Pfizer's Paxlovid reduces Covid-19 risk in seniors regardless of vaccine status: Study

Pfizer's Paxlovid reduces Covid-19 risk in seniors regardless of vaccine status: Study
Paxlovid, Pfizer's anti-viral medication to treat the coronavirus disease (Covid-19), is displayed in this picture illustration taken in Medford, Massachusetts, US, on May 12, 2022. 
PHOTO: Reuters

JERUSALEM - Pfizer Inc's antiviral treatment Paxlovid reduces Covid-19 hospitalisation and death rates in vaccinated and unvaccinated patients 65 years and older, according to a new study in Israel conducted during the rise of the Omicron variant of the coronavirus.

The treatment, however, was not found to prevent severe illness among younger adults, according to research from Clalit Health Services, Israel's largest healthcare provider.

The use of Pfizer's pills, authorised to treat newly infected, at-risk people in order to prevent severe illness, has soared in the United States along with a spike in infections.
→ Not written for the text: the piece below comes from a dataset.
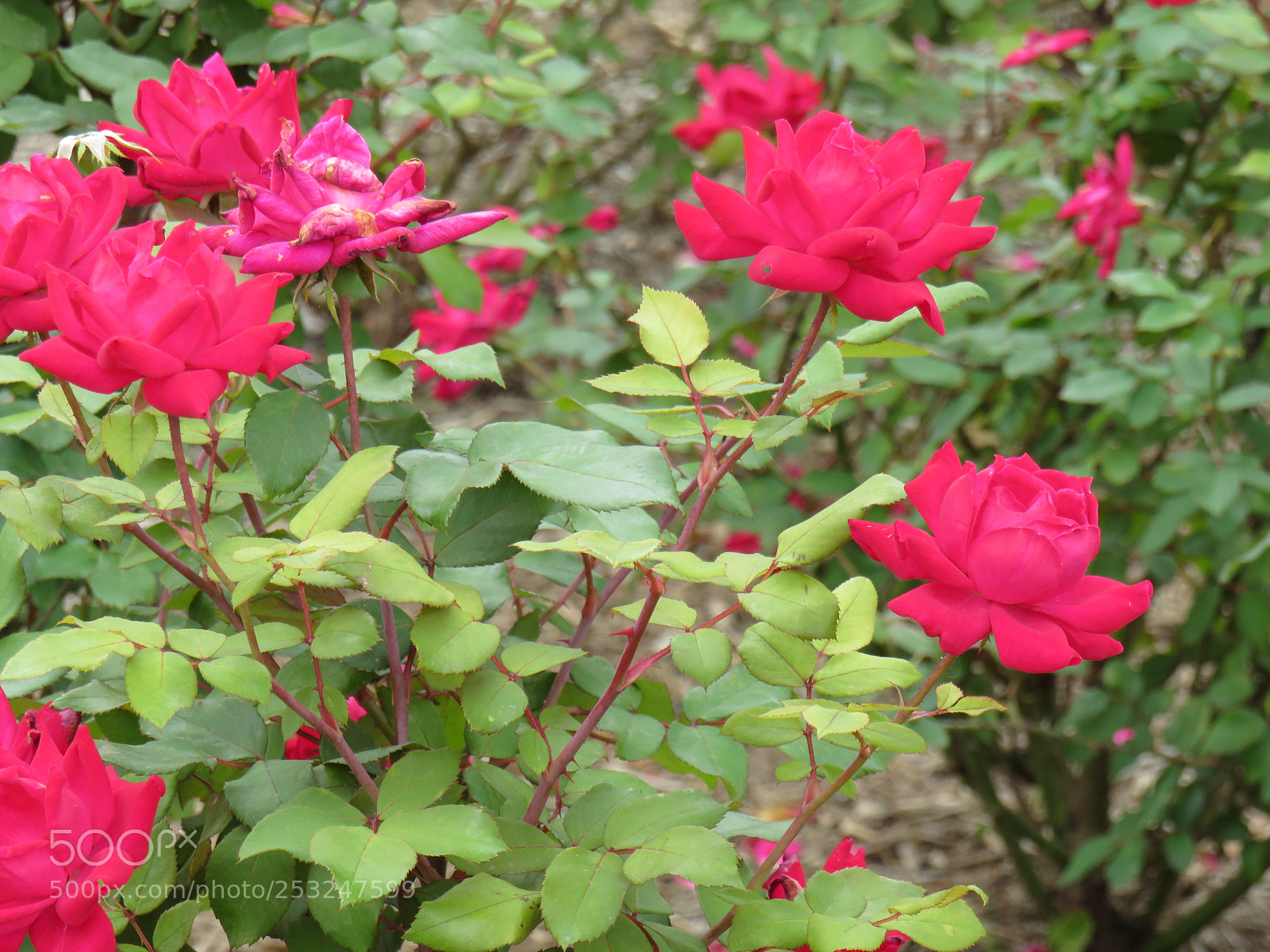 Canon PowerShot SX540 HS sample photo. Photo artist susan ruth photography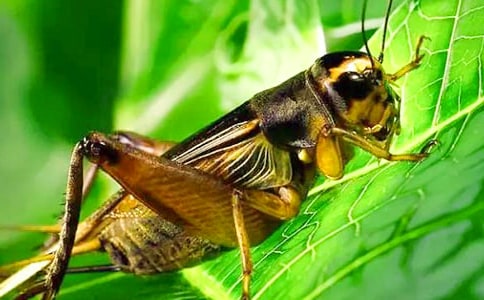 ׽���x������]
Biden administration officials have pushed for the wide use of Paxlovid, which the government purchased and provides free.
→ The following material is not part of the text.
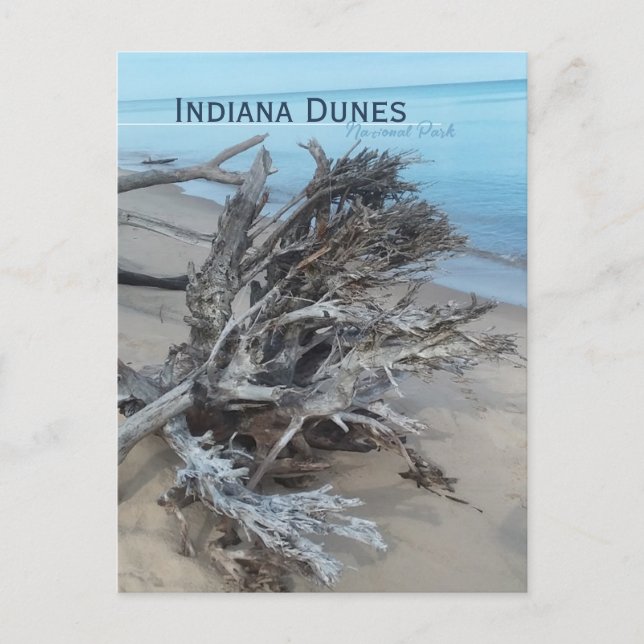 Driftwood Indiana Dunes National Park  Magnet Postcard (Front)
Pfizer's clinical trial tested Paxlovid in unvaccinated people who had risk factors for serious diseases and found that the two-drug treatment cut the risk of hospitalisation and death by 90 per cent. That was during the Delta wave of the virus.

There has been some concern, amid anecdotal reports of bounceback covid symptoms after patients get relief from taking Paxlovid, that the treatment might not be as effective in vaccinated patients.

The Israeli study, which was published without peer review as a preprint by the online platform Research Square, included data from nearly 110,000 participants between Jan 9 to March 10, when Omicron was the country's dominant coronavirus variant.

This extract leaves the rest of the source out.